Ella Reitsma-Snoep
Het huis van de kunstenaar
A life remembered
In 1927, the German painter Emil Nolde bought a bare knoll in the marshy countryside of Schleswig-Holstein. Here he built a house and a ‘workplace’ of his own design. He expressly avoided the words atelier or studio; such artists as Franz Stuck and Franz Lenback, rich and famous when Nolde was a young man, had ‘ateliers’ in extravagant artists’ palaces filled with marble and tapestries. For Nolde, a pious peasant’s son, trained as cabinet-maker, the artist’s life was one of hard work and solitude.
The house in Seebüll is a modern cube of bluish purple brick. He painted the rooms in the deep colours he so loved: the hall in ultramarine and the dining room in deep orange. After the war, Nolde, whose work the Nazis had proscribed as ‘degenerate’, tried to buy back as much of his work as he could find. As a result the Seebüll Foundation now owns a splendid collection of well over five hundred oil paintings, watercolours, drawings and prints.
Seebüll is one of the thirty nineteenth and twentieth-century artists’ houses vividly described by art historian Ella Reitsma in The Artist’s House. These houses lie within a 1,000-kilometre radius of Amsterdam: in France, Belgium, the Netherlands, Germany, Denmark and England. They open a special window on the artists’ world, in particular of such famous painters as Claude Monet, Gustave Moreau, Franz Stuck and Rosa Bonheur, the now forgotten but once greatly admired painter of animals, or of the Delft copyist Tétar van Elven. Personal objects help to infuse history with life: a pair of shoes on a wood floor, pen and paper on a desk.

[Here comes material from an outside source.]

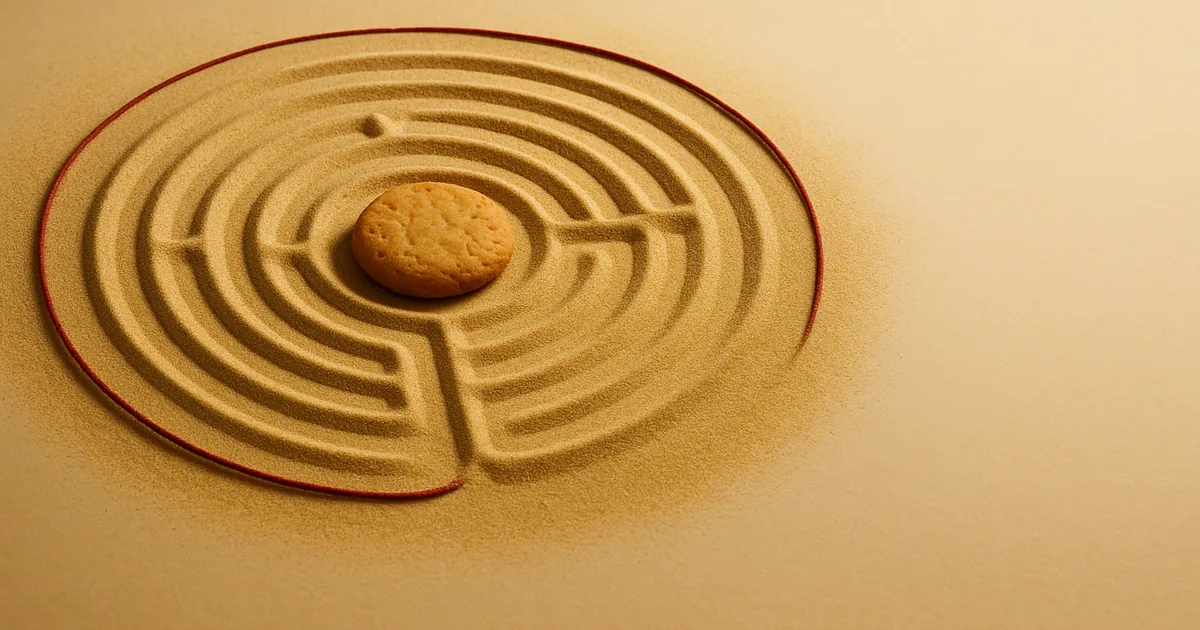 A cookie at the center of a sand labyrinth — navigating privacy regulation.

The gardens of these houses were often designed by the artists themselves.
Reitsma addresses a wide public with her book, stunningly illustrated with photographs by Hans van den Bogaard, who has been working as a photographer for Vrij Nederland since 1977. She tells us how James Ensor painted his nightmare visions in his mother’s cramped living room, and that the sculptress Barbara Hepworth arranged displays of the smooth pebbles she picked up on the beach on windowsills and stairs - pieces of information that provide us with glimpses not only of the life but also of the work of the artist concerned.